◆ EXERCISE INSTRUCTIONS
In your copy, repeat the records exactly and leave out the pictures.

◆ SOURCE RECORDS
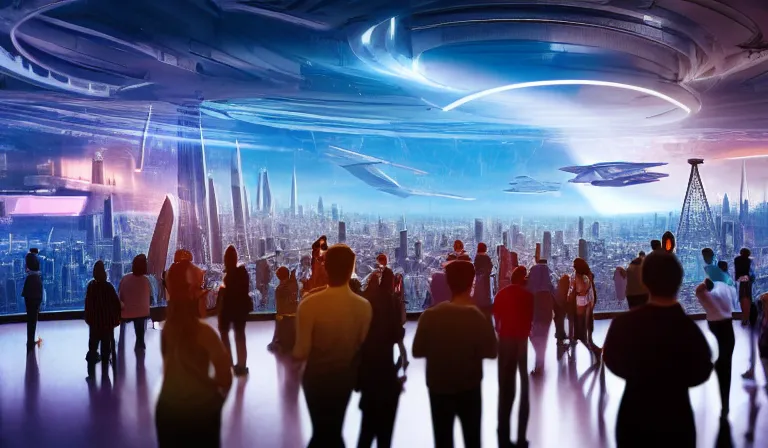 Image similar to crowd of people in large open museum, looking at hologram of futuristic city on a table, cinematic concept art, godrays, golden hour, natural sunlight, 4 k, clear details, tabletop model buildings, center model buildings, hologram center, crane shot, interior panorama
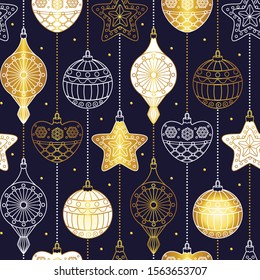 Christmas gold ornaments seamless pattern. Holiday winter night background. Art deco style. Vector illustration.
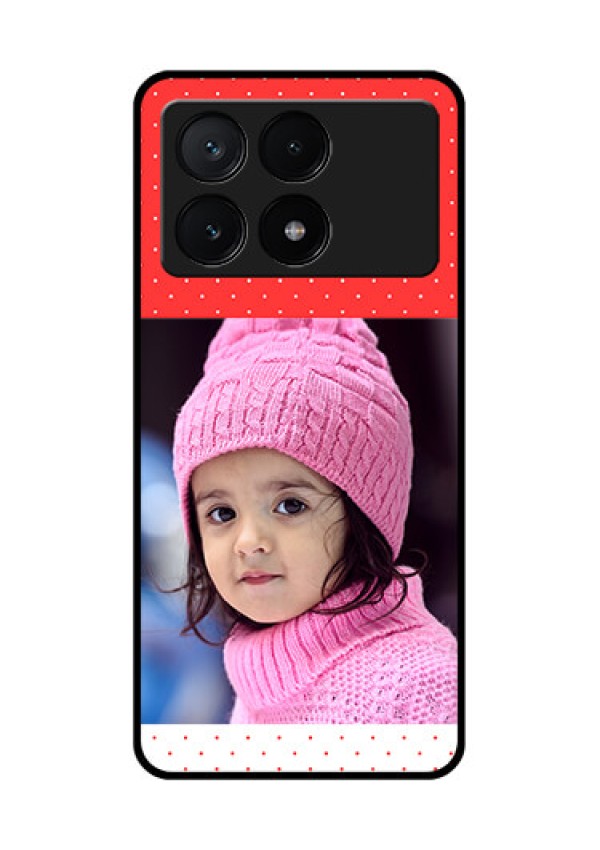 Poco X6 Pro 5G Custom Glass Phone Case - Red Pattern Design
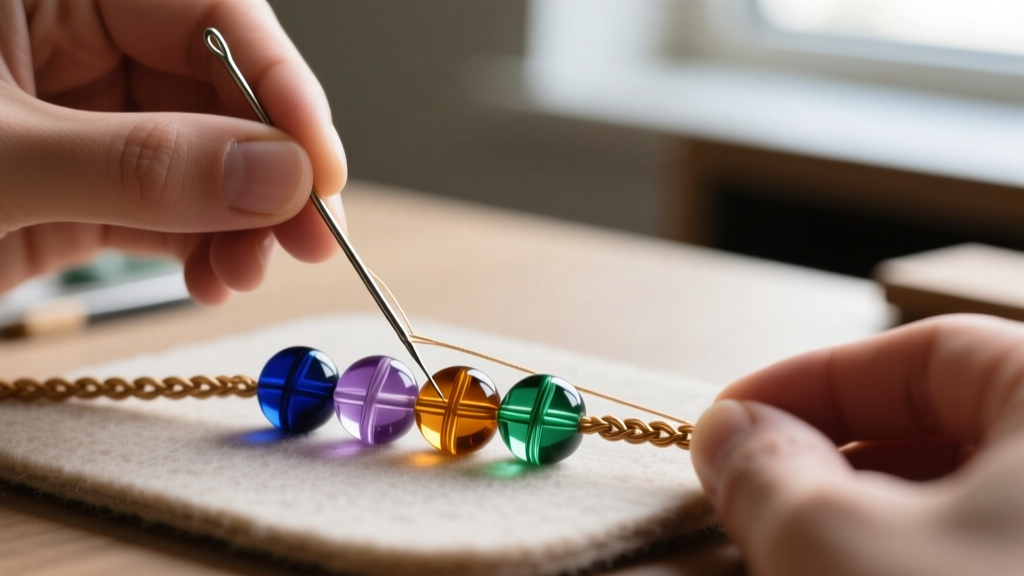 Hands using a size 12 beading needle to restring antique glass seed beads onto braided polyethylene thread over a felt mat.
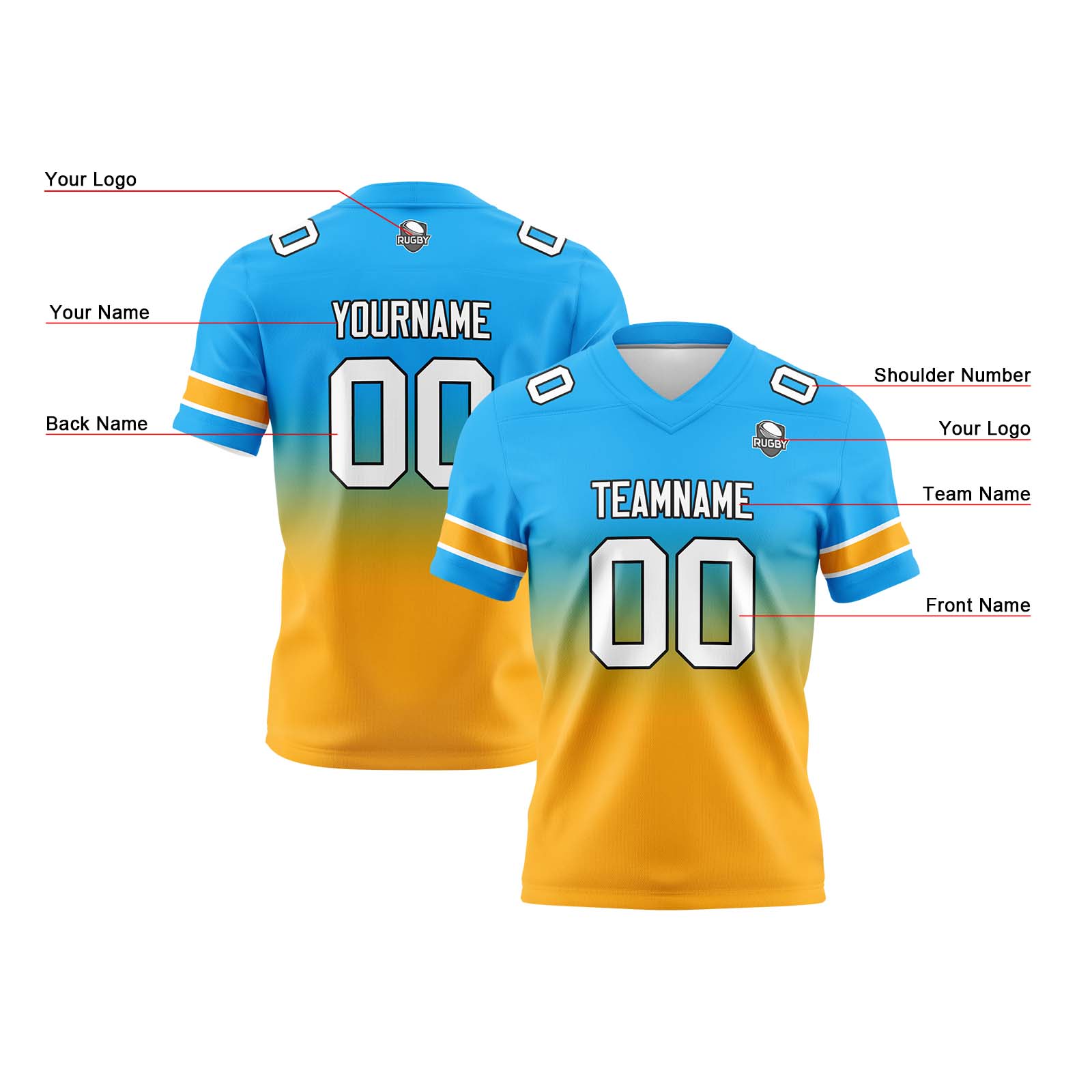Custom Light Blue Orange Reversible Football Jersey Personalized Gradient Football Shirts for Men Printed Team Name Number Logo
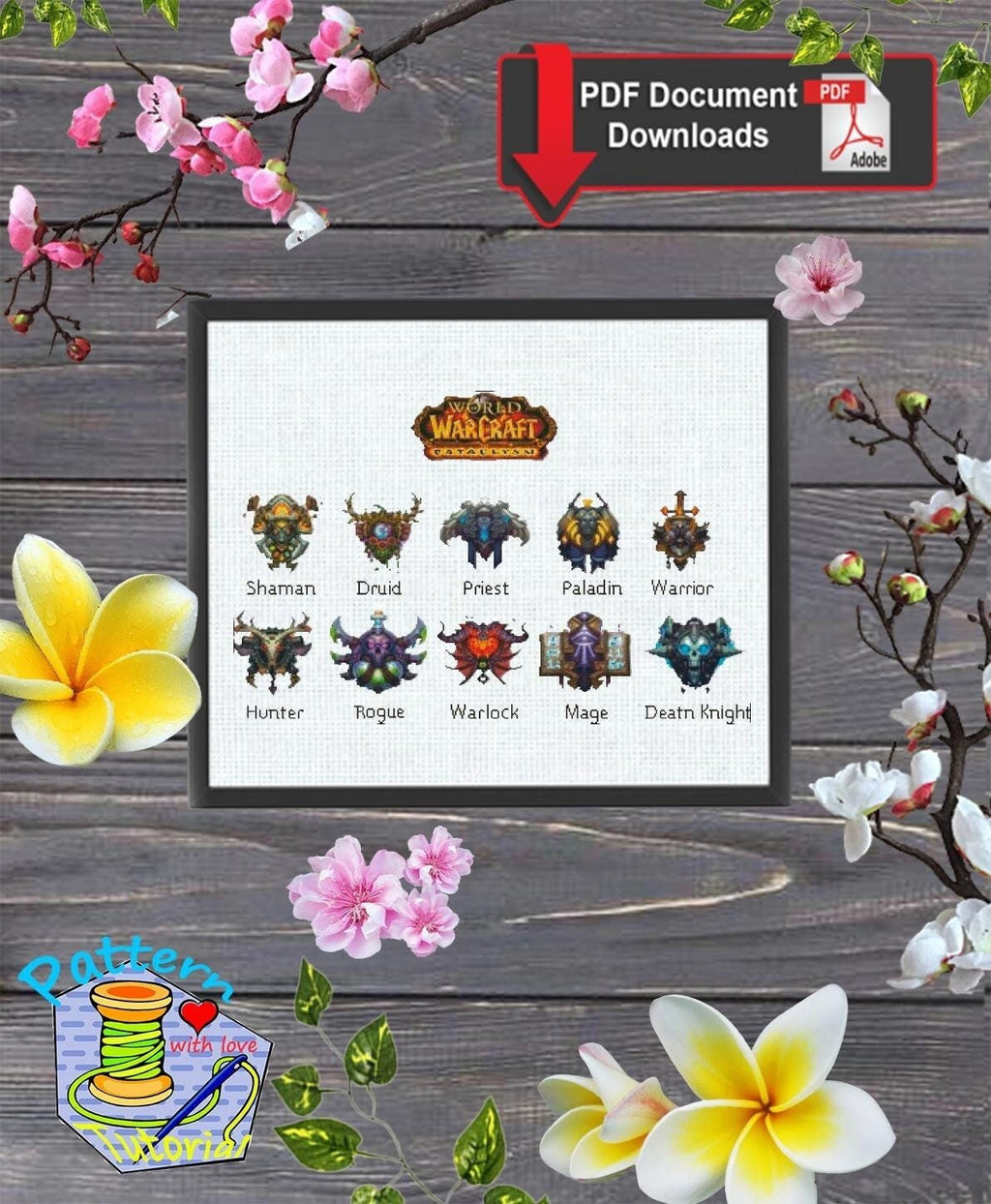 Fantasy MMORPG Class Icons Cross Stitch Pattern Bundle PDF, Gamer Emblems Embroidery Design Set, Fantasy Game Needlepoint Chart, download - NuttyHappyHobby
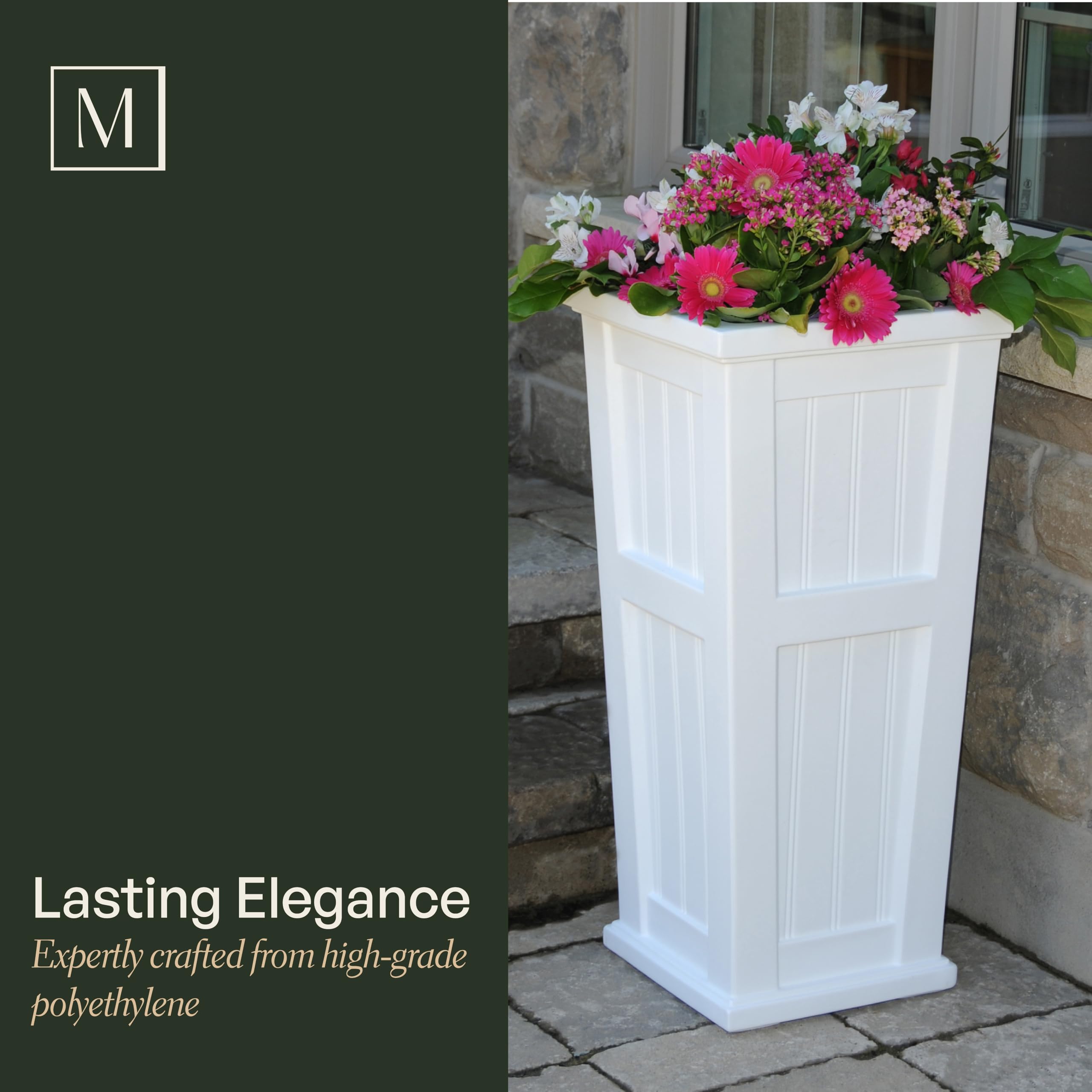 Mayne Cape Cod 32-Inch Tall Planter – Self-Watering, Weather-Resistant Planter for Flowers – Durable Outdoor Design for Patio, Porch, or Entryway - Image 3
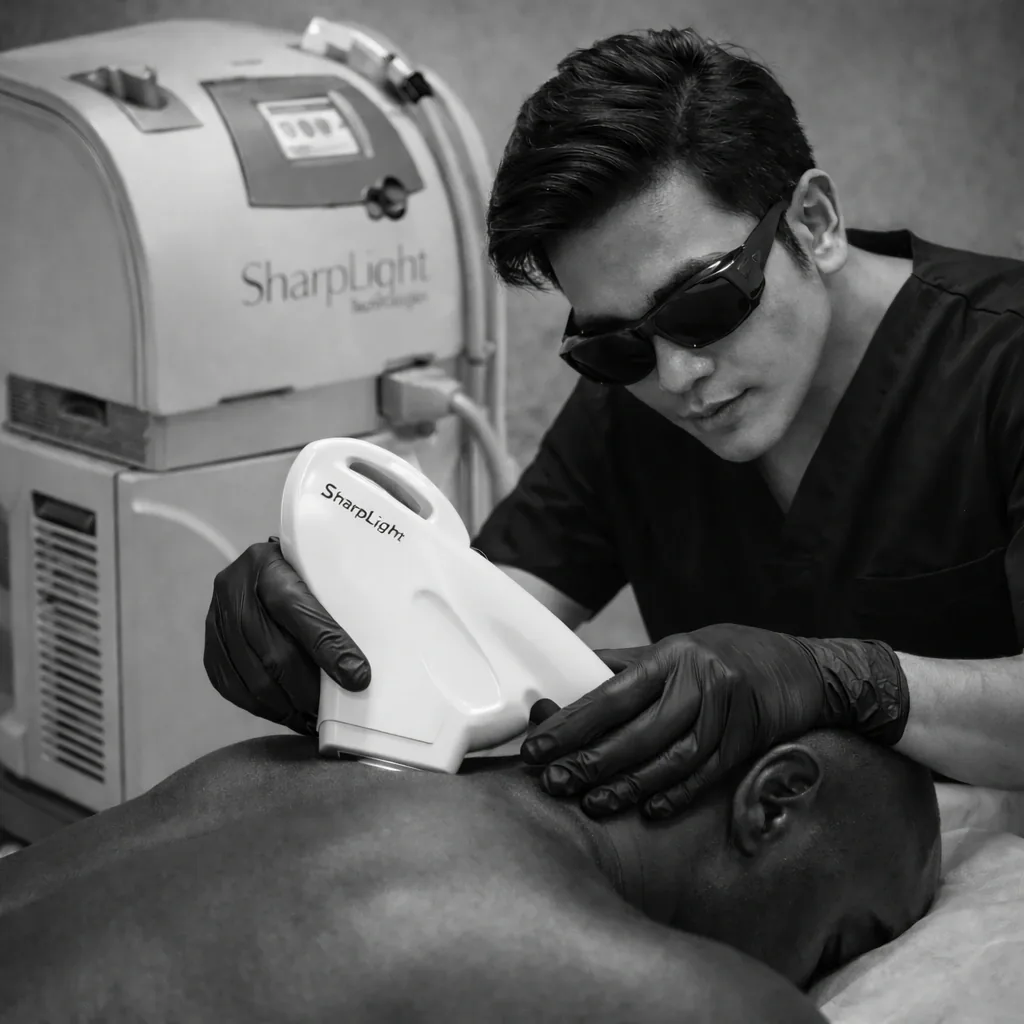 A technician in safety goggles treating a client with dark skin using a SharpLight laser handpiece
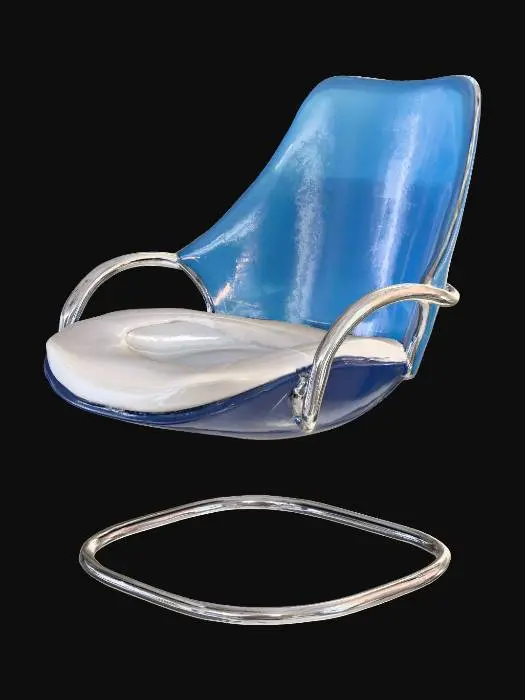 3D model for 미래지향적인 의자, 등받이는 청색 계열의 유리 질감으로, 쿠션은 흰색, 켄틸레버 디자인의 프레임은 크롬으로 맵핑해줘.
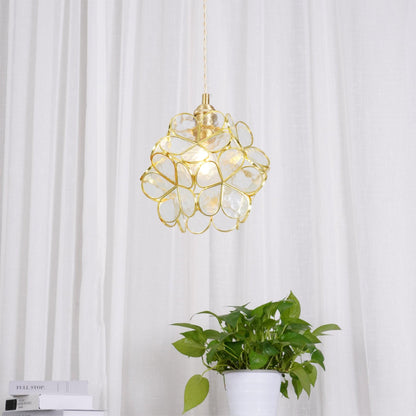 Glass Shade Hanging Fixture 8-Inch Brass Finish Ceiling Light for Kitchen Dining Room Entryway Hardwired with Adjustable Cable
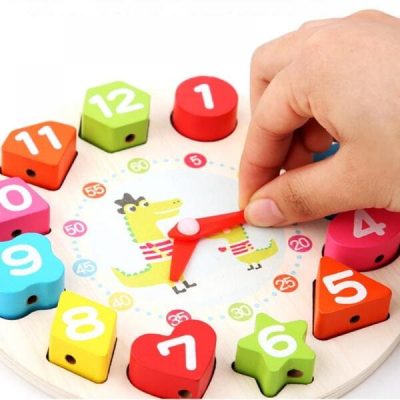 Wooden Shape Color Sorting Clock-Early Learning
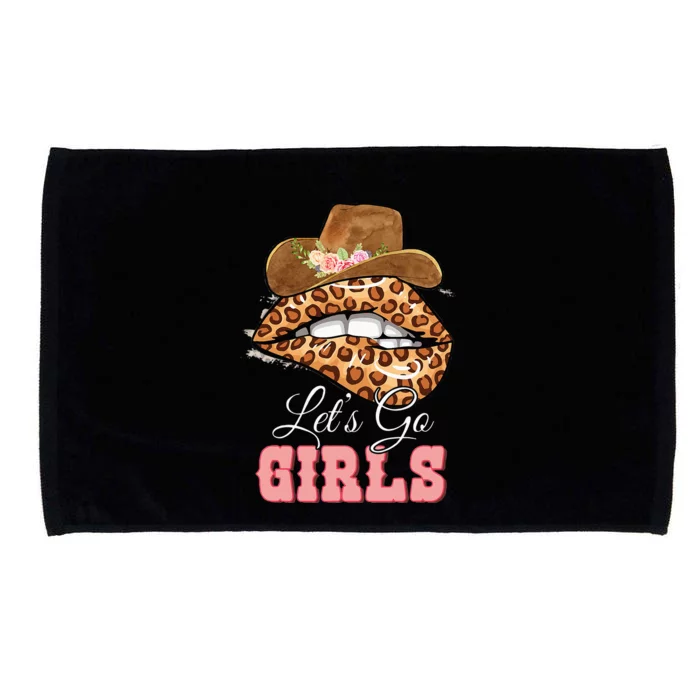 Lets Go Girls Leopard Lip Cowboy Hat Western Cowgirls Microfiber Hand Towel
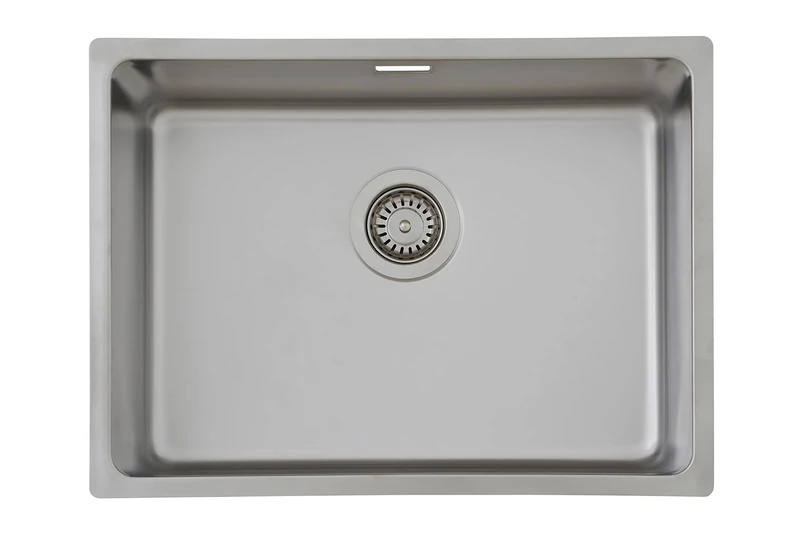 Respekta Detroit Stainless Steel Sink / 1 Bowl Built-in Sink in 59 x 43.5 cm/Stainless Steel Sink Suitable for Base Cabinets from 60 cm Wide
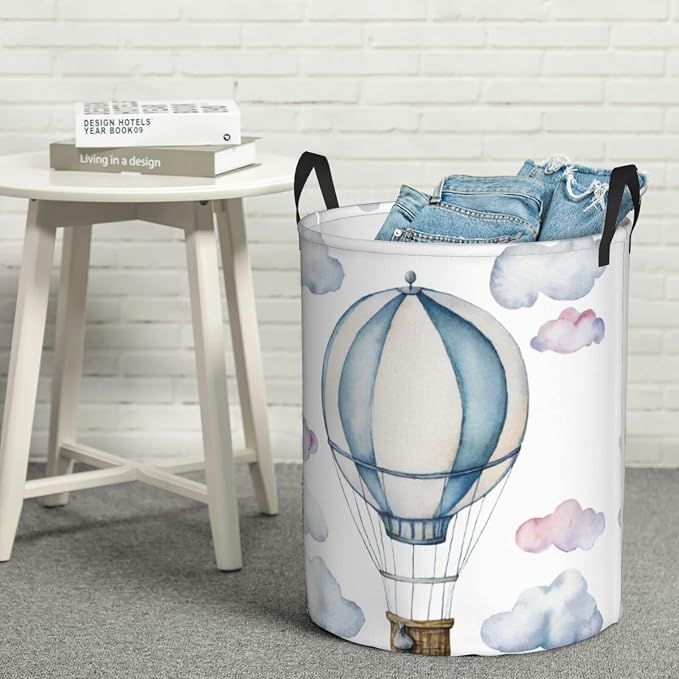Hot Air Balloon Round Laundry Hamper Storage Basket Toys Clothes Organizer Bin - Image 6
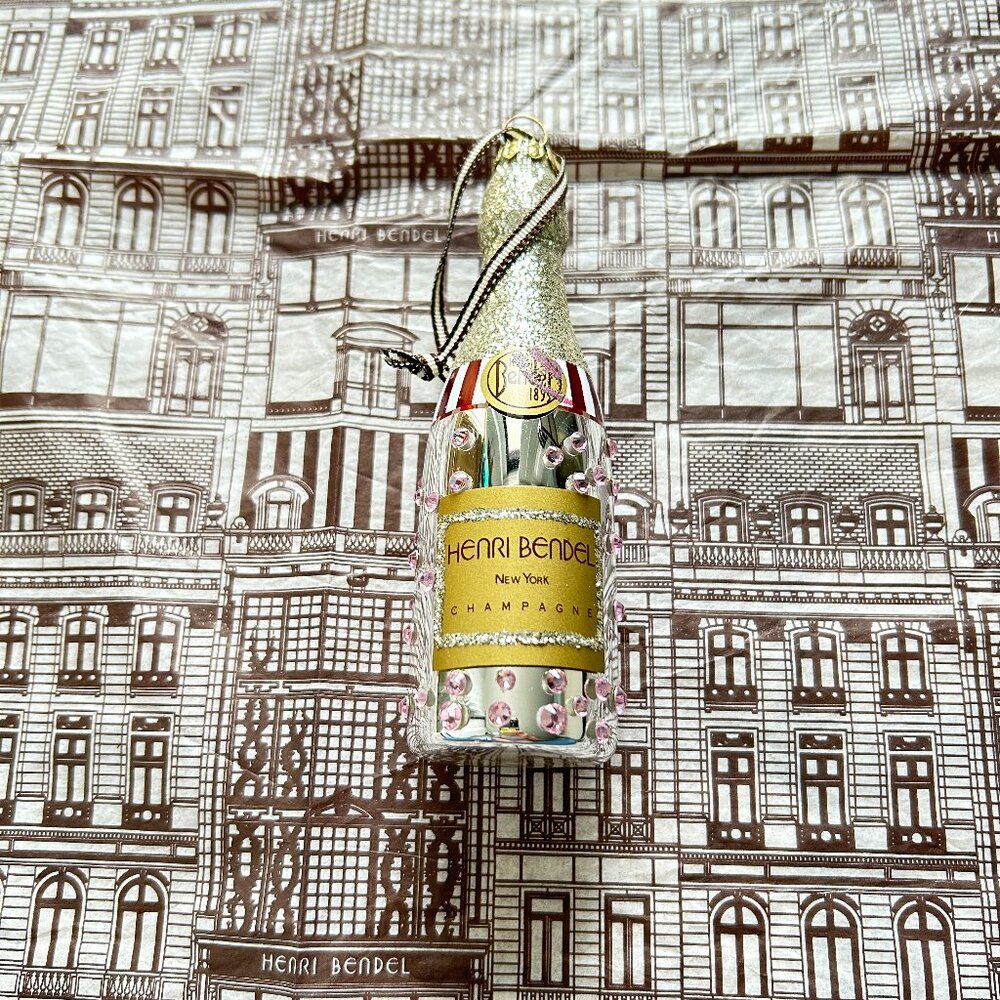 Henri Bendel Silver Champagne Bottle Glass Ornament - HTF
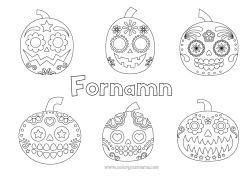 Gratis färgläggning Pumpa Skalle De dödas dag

◆ ANSWER BOX
 Image similar to crowd of people in large open museum, looking at hologram of futuristic city on a table, cinematic concept art, godrays, golden hour, natural sunlight, 4 k, clear details, tabletop model buildings, center model buildings, hologram center, crane shot, interior panorama
 Christmas gold ornaments seamless pattern. Holiday winter night background. Art deco style. Vector illustration.
 Poco X6 Pro 5G Custom Glass Phone Case - Red Pattern Design
 Hands using a size 12 beading needle to restring antique glass seed beads onto braided polyethylene thread over a felt mat.
Custom Light Blue Orange Reversible Football Jersey Personalized Gradient Football Shirts for Men Printed Team Name Number Logo
 Fantasy MMORPG Class Icons Cross Stitch Pattern Bundle PDF, Gamer Emblems Embroidery Design Set, Fantasy Game Needlepoint Chart, download - NuttyHappyHobby
 Mayne Cape Cod 32-Inch Tall Planter – Self-Watering, Weather-Resistant Planter for Flowers – Durable Outdoor Design for Patio, Porch, or Entryway - Image 3
 A technician in safety goggles treating a client with dark skin using a SharpLight laser handpiece
 3D model for 미래지향적인 의자, 등받이는 청색 계열의 유리 질감으로, 쿠션은 흰색, 켄틸레버 디자인의 프레임은 크롬으로 맵핑해줘.
 Glass Shade Hanging Fixture 8-Inch Brass Finish Ceiling Light for Kitchen Dining Room Entryway Hardwired with Adjustable Cable
 Wooden Shape Color Sorting Clock-Early Learning
 Lets Go Girls Leopard Lip Cowboy Hat Western Cowgirls Microfiber Hand Towel
 Respekta Detroit Stainless Steel Sink / 1 Bowl Built-in Sink in 59 x 43.5 cm/Stainless Steel Sink Suitable for Base Cabinets from 60 cm Wide
Hot Air Balloon Round Laundry Hamper Storage Basket Toys Clothes Organizer Bin - Image 6
 Henri Bendel Silver Champagne Bottle Glass Ornament - HTF
 Gratis färgläggning Pumpa Skalle De dödas dag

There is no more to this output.